• What to work on
Pictures in the listing below are skipped, while the lines from the "MURANO - Magnífico, clássico" line through the "Used 2006 Ford Escape XLS image 10" line are returned word for word.

• Data for analysis
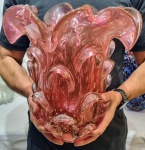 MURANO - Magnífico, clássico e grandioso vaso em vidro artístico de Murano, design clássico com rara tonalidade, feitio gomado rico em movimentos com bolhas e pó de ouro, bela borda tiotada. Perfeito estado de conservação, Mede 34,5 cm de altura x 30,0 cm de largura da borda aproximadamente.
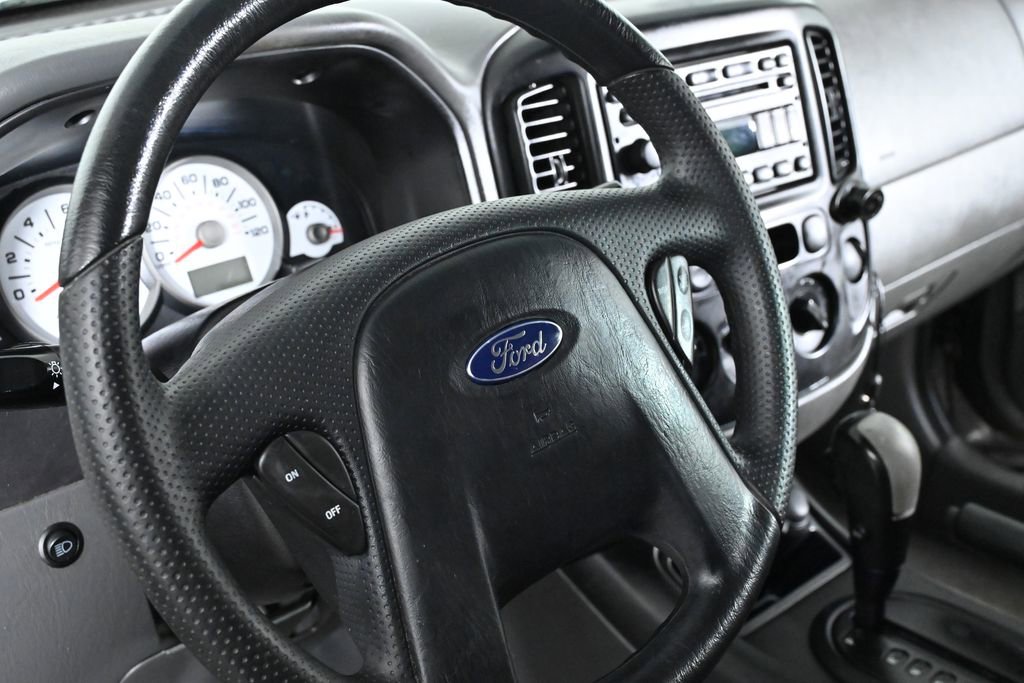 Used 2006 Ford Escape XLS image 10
...
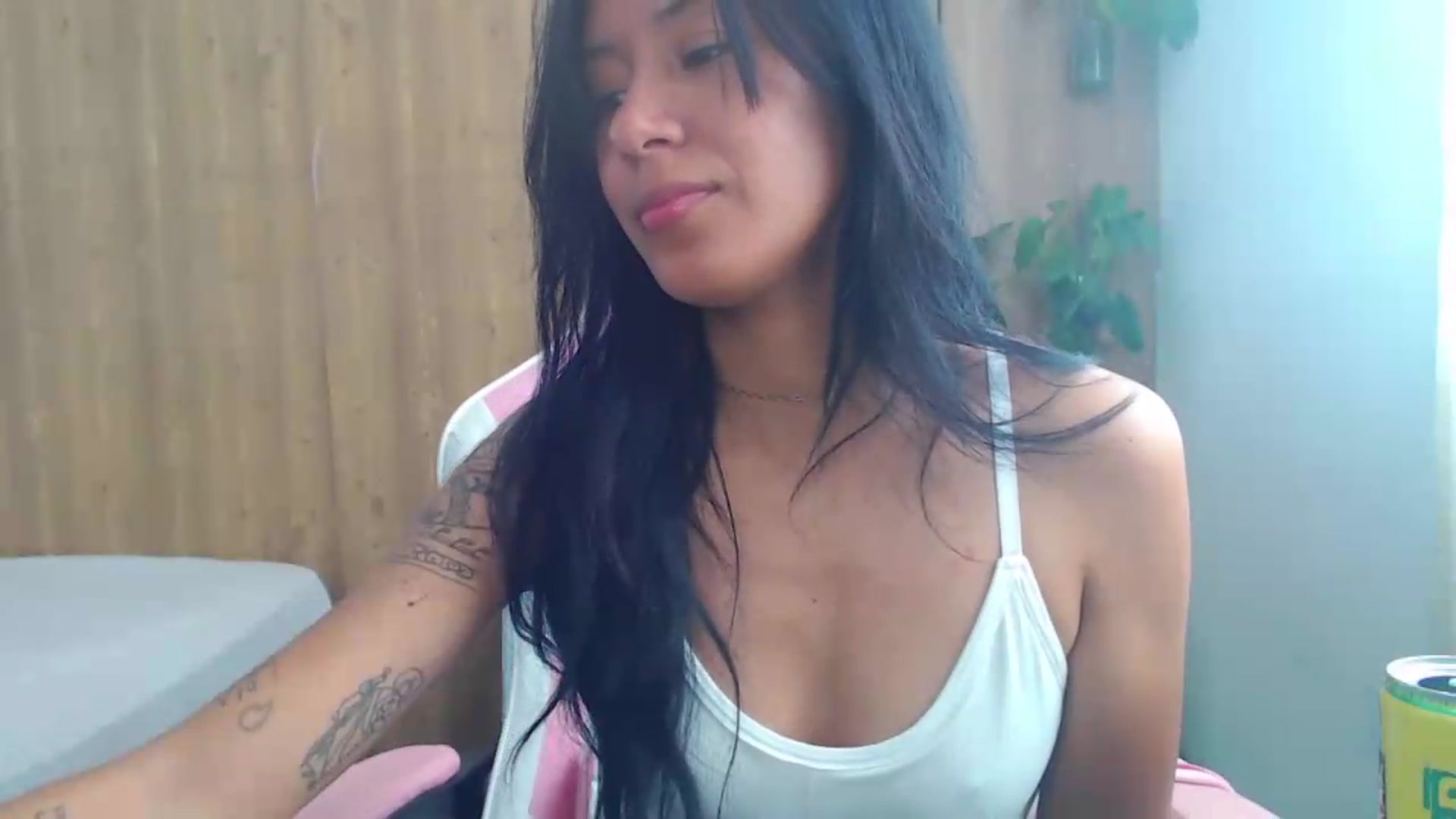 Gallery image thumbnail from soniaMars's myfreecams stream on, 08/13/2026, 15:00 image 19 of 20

• Answer to the problem
 MURANO - Magnífico, clássico e grandioso vaso em vidro artístico de Murano, design clássico com rara tonalidade, feitio gomado rico em movimentos com bolhas e pó de ouro, bela borda tiotada. Perfeito estado de conservação, Mede 34,5 cm de altura x 30,0 cm de largura da borda aproximadamente.
 Used 2006 Ford Escape XLS image 10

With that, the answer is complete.